Starting at the first line of the entries below, please return exactly each line up to and including the one with "Hyundai i30 CONNECT"; pictures stay out.

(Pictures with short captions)
##########
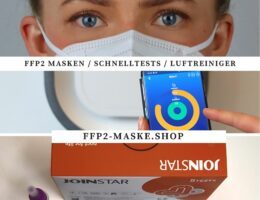 ffp2-maske.shop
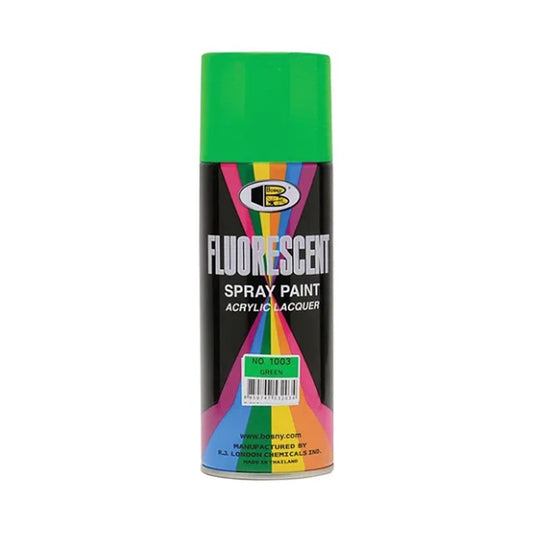 Bosny Spray Paint No 1003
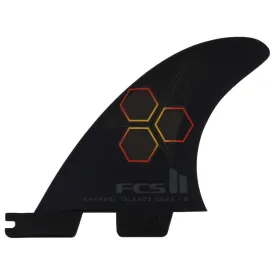 fcs-ci-pc-quad-rear-surffinne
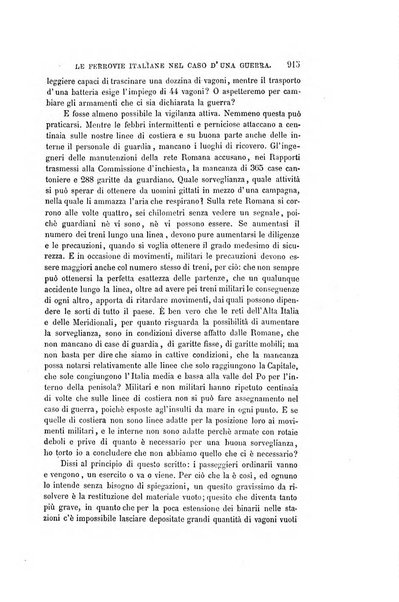 Nuova antologia di scienze, lettere ed arti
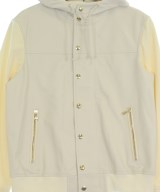 EMMETI（エンメティ）その他 白 サイズ:46(M位) メンズ/2200633859961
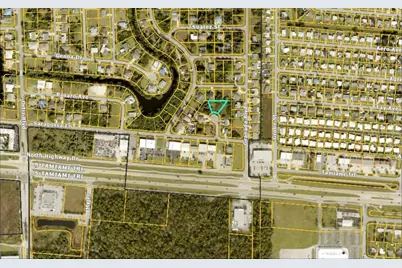 El Dorado Street, North Port, FL 34287 - Photo 3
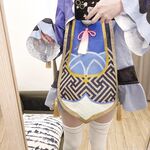 [库塔亚女孩] - 七七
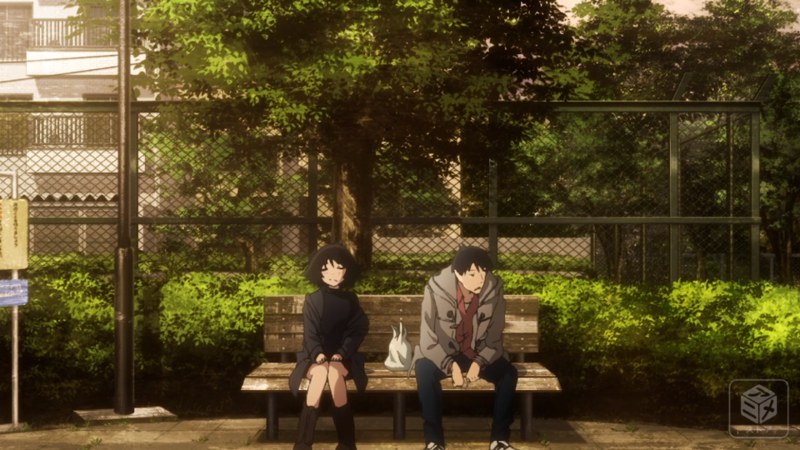f:id:Earofrice:20200502184645p:plain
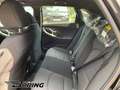 Hyundai i30 CONNECT & GO 1.0 Turbo Klima & Navigation Schwarz - thumbnail 9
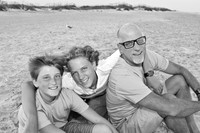 "the boys"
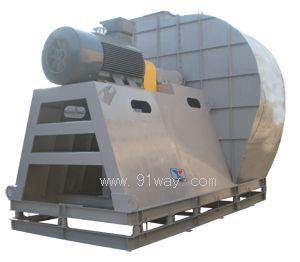 YHFϵ�иߜ��L(f��ng)�C(j��)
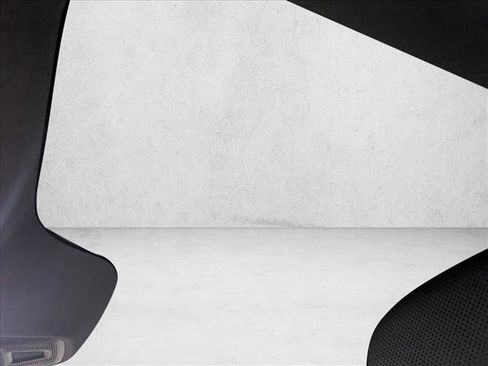 New 2025 Audi A6 e-tron Premium Plus image 15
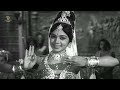 kannadada kulatilaka parameshwara video song dr. rajkumar kalpana immadi pulikeshi movie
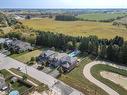 21 Melody Lane Lane, Grand Valley, ON  - Outdoor With View 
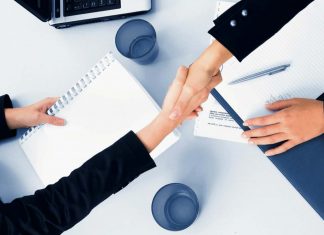 Para Investir Dinheiro Agora: As 10 Maiores Corretoras de Valores do Brasil
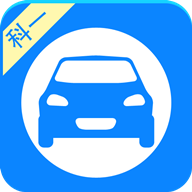 2015�ݿ���Ŀһ��ѧ����1.4 ��׿���°�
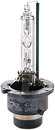 Фото Philips Xenon Standard D4S 42V 35W (42402C1)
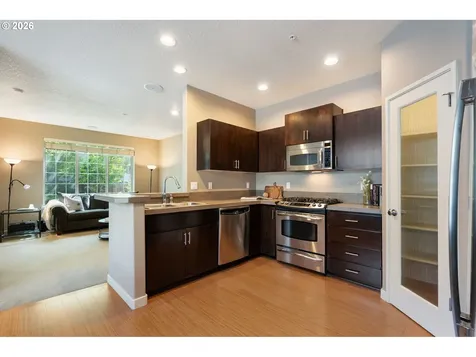 4899 NW Blandy Terrace Portland OR 97229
##########
* **Answer space**
 ffp2-maske.shop
 Bosny Spray Paint No 1003
 fcs-ci-pc-quad-rear-surffinne
 Nuova antologia di scienze, lettere ed arti
 EMMETI（エンメティ）その他 白 サイズ:46(M位) メンズ/2200633859961
 El Dorado Street, North Port, FL 34287 - Photo 3
 [库塔亚女孩] - 七七
f:id:Earofrice:20200502184645p:plain
 Hyundai i30 CONNECT & GO 1.0 Turbo Klima & Navigation Schwarz - thumbnail 9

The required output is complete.